Вмиг становится холодно, пусто, непонятно. Я открываю глаза, а Дьявол, способный испепелить одним лишь касанием, уже на другом конце кабинета. Запускает пальцы в черные волосы, суетливо оглядывается. Дверь позади меня открывается, доносится чей-то голос, перед лицом появляется красно-белая коробочка. По инерции беру ее в руки, совершенно не сознавая, что это, для чего, от кого.
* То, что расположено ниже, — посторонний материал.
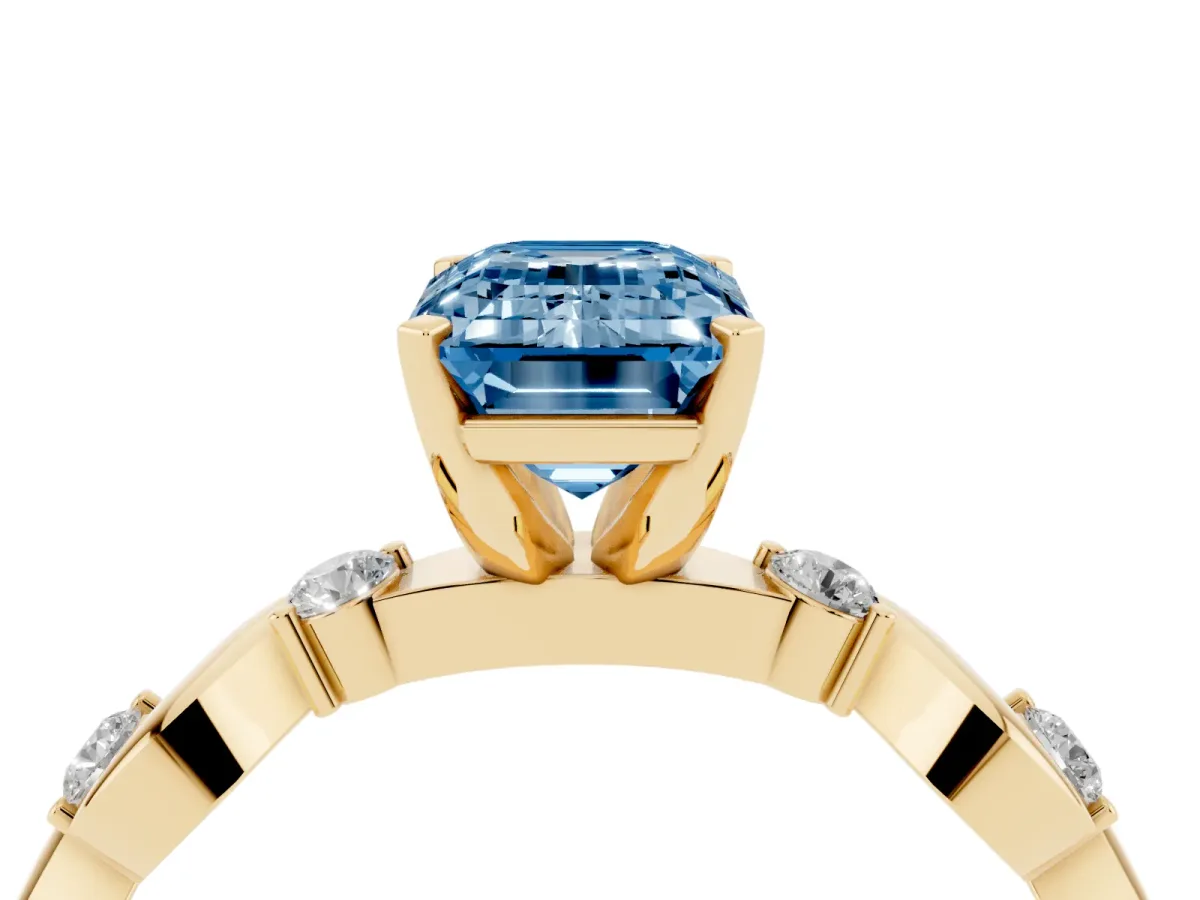 Fancy Blue Emerald Cut Diamond Solitaire Twisted Band with Round Accents and Prong Setting Yellow gold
Кровь ещё шумит в ушах плотной завесой, руки дрожат, губы онемели. Нужен воздух. Холодный душ. Бригада реанимации. Разворачиваюсь и на непослушных ногах выхожу из кабинета. Набираю воды в кулере, осушаю половину пластикового стаканчика и прижимаюсь лбом к стене.
Было или…
Сейчас кажется, что просто бредила. Никто не сминал мои губы, не сжимал требовательными ладонями затылок, не опалял дыханием щеку.
Быстро моргаю, словно так можно перезагрузить мозги, очистить разум, отчленить хорошее от плохого. Но нечего отчленять. Все было плохо. Нет, хорошо. Все было слишком хорошо, так, что аж плохо.